- **DIRECTIONS FOR THIS TASK**: Nothing should appear in the answer except the lines below from the line containing "Memphis apartment for" through the line containing "2724 Norway Pine", copied exactly, with pictures left out.

- **INPUT RECORDS**:

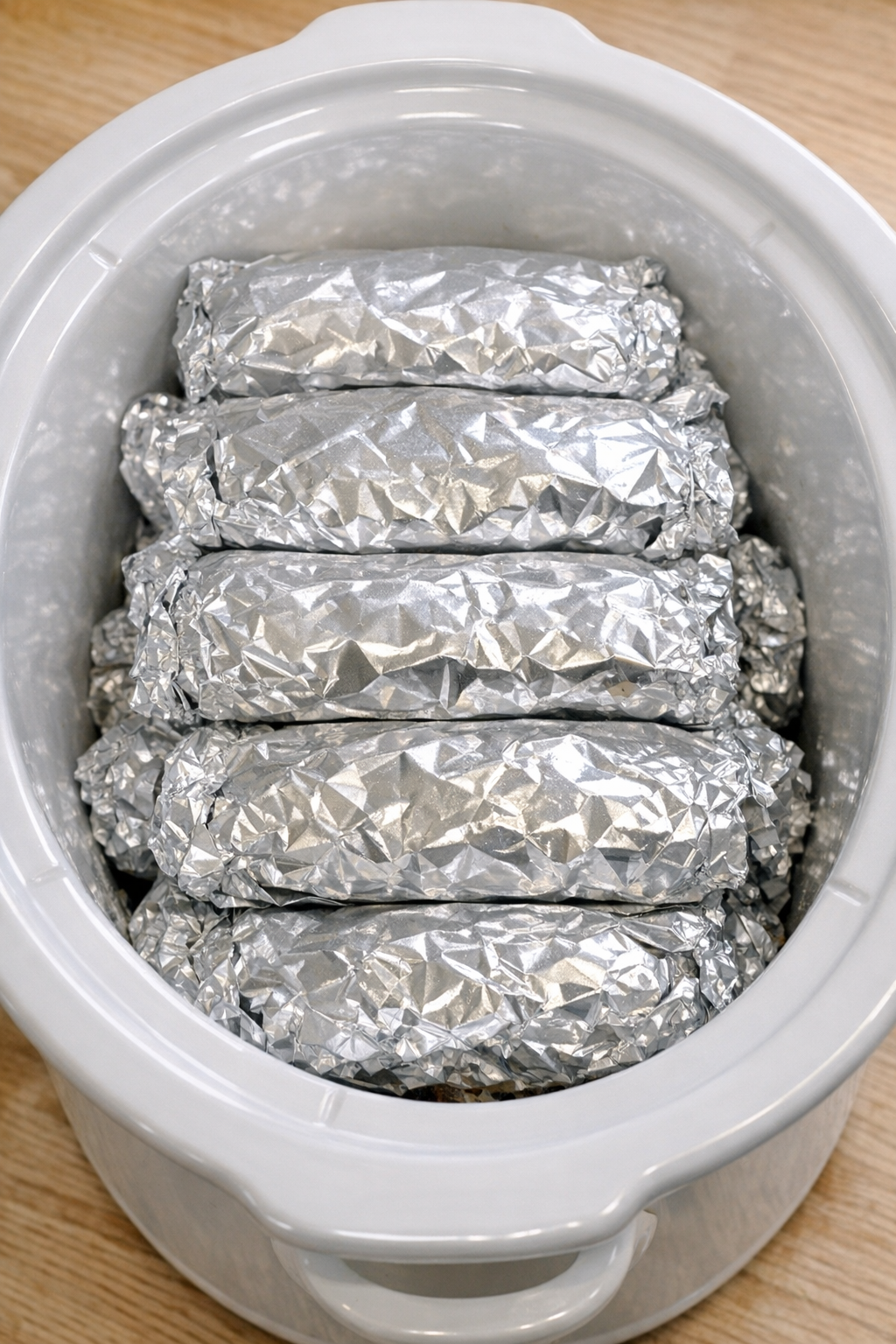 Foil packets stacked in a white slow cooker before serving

---

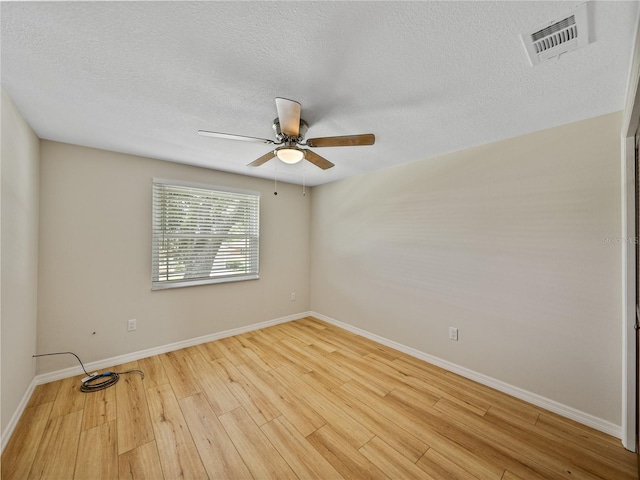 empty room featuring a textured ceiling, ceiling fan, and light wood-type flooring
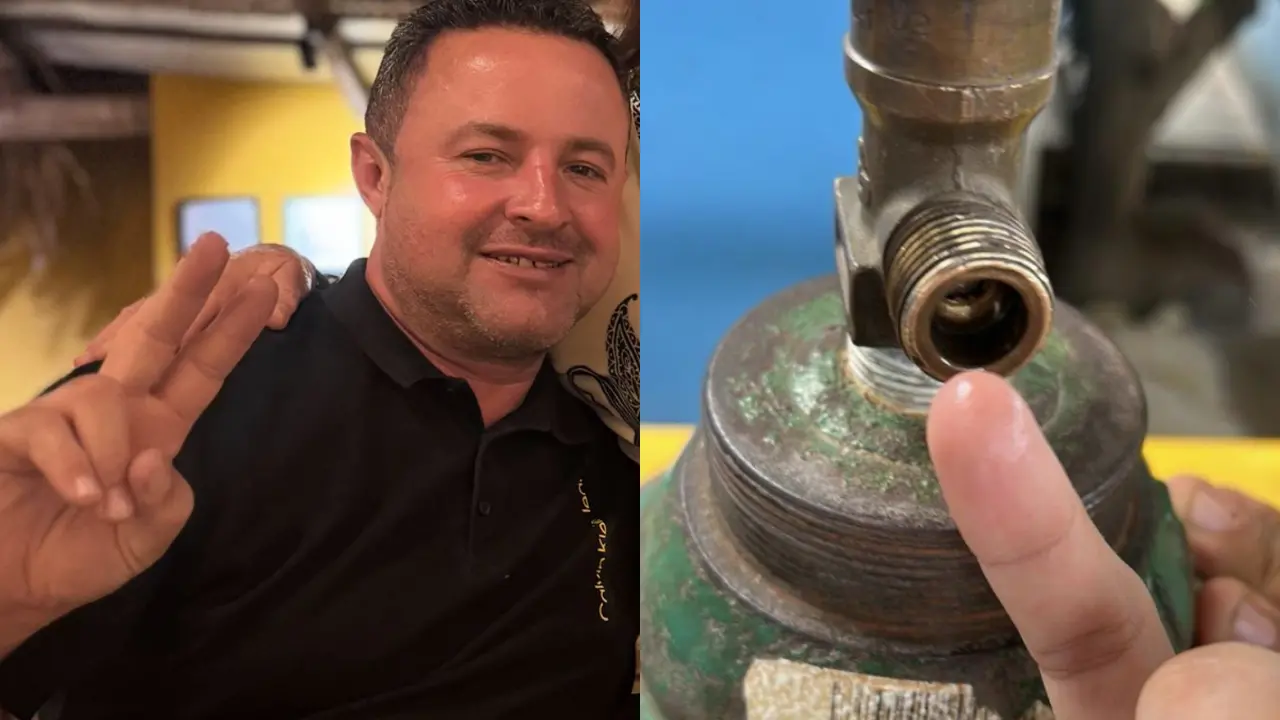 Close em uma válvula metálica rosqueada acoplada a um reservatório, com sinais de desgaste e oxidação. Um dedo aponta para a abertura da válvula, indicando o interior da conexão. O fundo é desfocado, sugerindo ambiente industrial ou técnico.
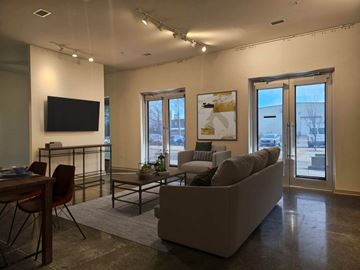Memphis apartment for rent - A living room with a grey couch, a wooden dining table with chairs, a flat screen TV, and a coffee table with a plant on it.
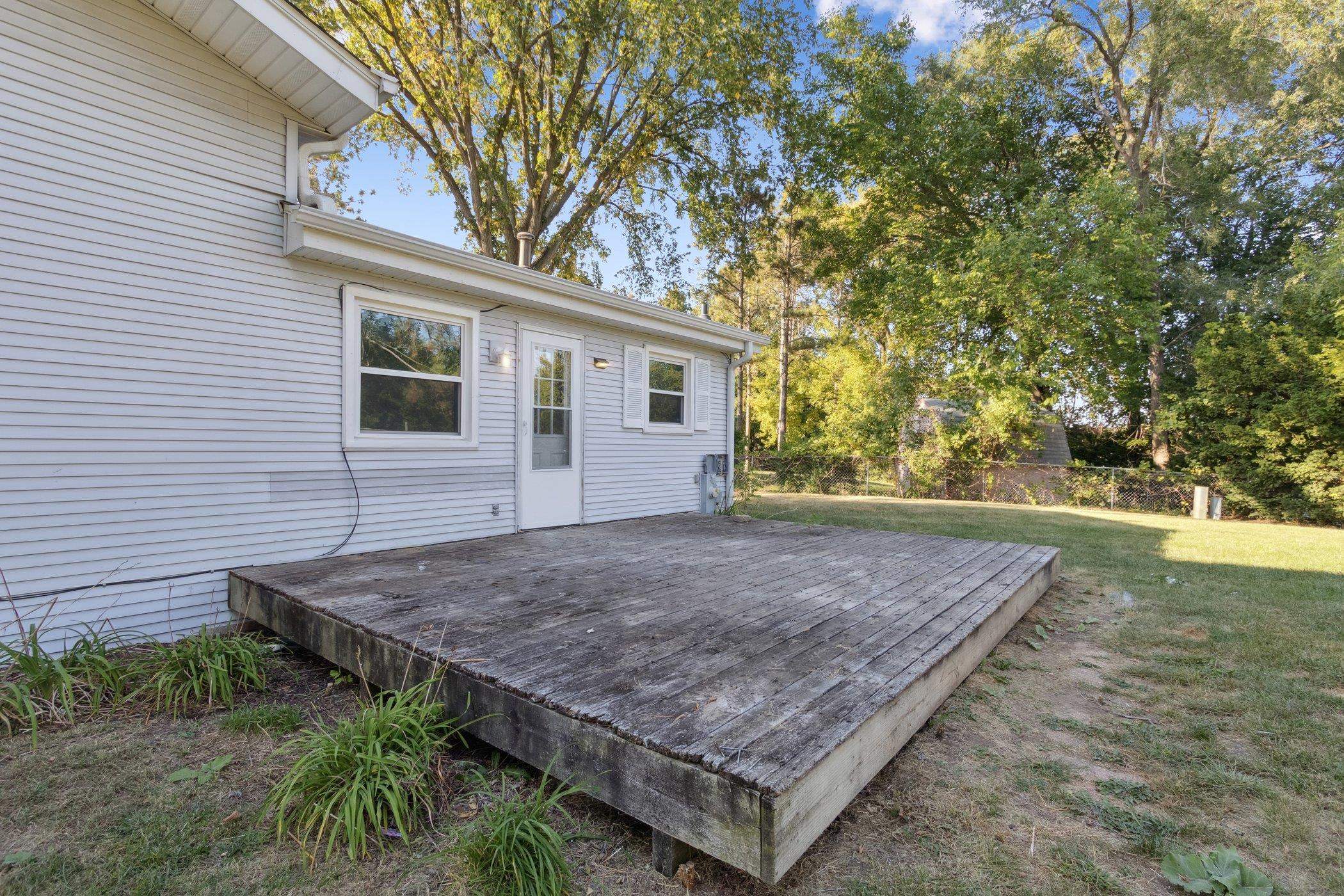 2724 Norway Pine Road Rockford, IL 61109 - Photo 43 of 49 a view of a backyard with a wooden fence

- **TASK RESULT**:
Memphis apartment for rent - A living room with a grey couch, a wooden dining table with chairs, a flat screen TV, and a coffee table with a plant on it.
 2724 Norway Pine Road Rockford, IL 61109 - Photo 43 of 49 a view of a backyard with a wooden fence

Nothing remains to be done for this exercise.